Using the "Upside of Downtime" framework (above) as a guide:
- Prepare: Much room for improvement. The health status feed is hard to find for the average user/developer, and the information was limited. On the plus side, it exists. Twitter was also used to communicate updates, but again the information was limited.
- Communicate: Without a strong foundation create by the Prepare step, you don't have much opportunity to excel at the Communicate step. There was an opportunity to use the basic communication channels they had in place (status feed, twitter) more effectively by communicating throughout the incident, with more actionable information, but alas this was not the case. Instead, there was mass speculation about the root cause and the severity.

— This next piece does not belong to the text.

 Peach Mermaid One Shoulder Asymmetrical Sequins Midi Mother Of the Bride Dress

That is exactly what you want to strive to avoid.
- Explain: Let's find out by running the postmortem through our guideline for postmortem communication...
Prerequisites:
- Admit failure - Excellent, almost a textbook admittance without hedging or blaming.
- Sound like a human - Well done. Posted from Director of Engineering at Facebook Robert Johnson's personal account, the tone and style was personal and effective.

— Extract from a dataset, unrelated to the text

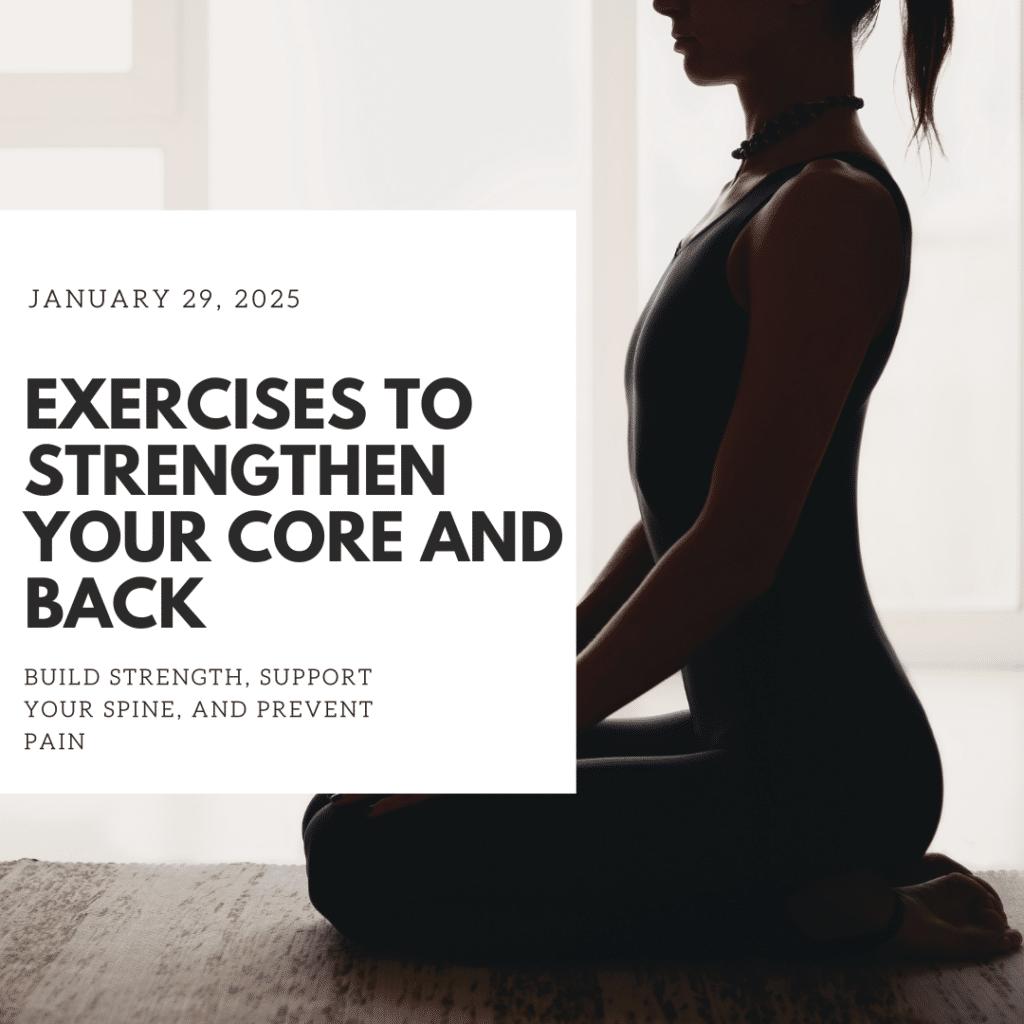 A woman seated in a yoga pose, focusing on core strength and back health, with workout text overlay and a soft.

- Have a communication channel - Can be improved greatly. Making the existing health status page easier to find, more public, and more useful would help in all future incidents. I've covered how Facebook can improve this page in a previous post.
- Above all else, be authentic - No issues here.
Requirements:
- Start time and end time of the incident - Missing.
- Who/what was impacted - Partial. I can understand this being difficult in the case of Facebook, but I would have liked to see more specifics around how many many users were affected. On one hand this is a global consumer service that may not be critical to people's lives. On the other hand though, if you treat your users with respect, they'll reward you for it.
- What went wrong - Well done, maybe the best part of the postmortem.
- Lessons learned - Partial. It sounds like many lessons were certainly learned, but they weren't directly shared. I'd love to know what the "design patterns of other systems at Facebook that deal more gracefully with feedback loops and transient spikes" look like.
Bonus:
- Details on the technologies involved - No
- Answers to the Five Why's - No
- Human elements - heroic efforts, unfortunate coincidences, effective teamwork, etc - No
- What others can learn from this experience - Marginal
Biggest lesson for us to take away: Preparation is key to successfully managing outages, and using them to build trust with your users.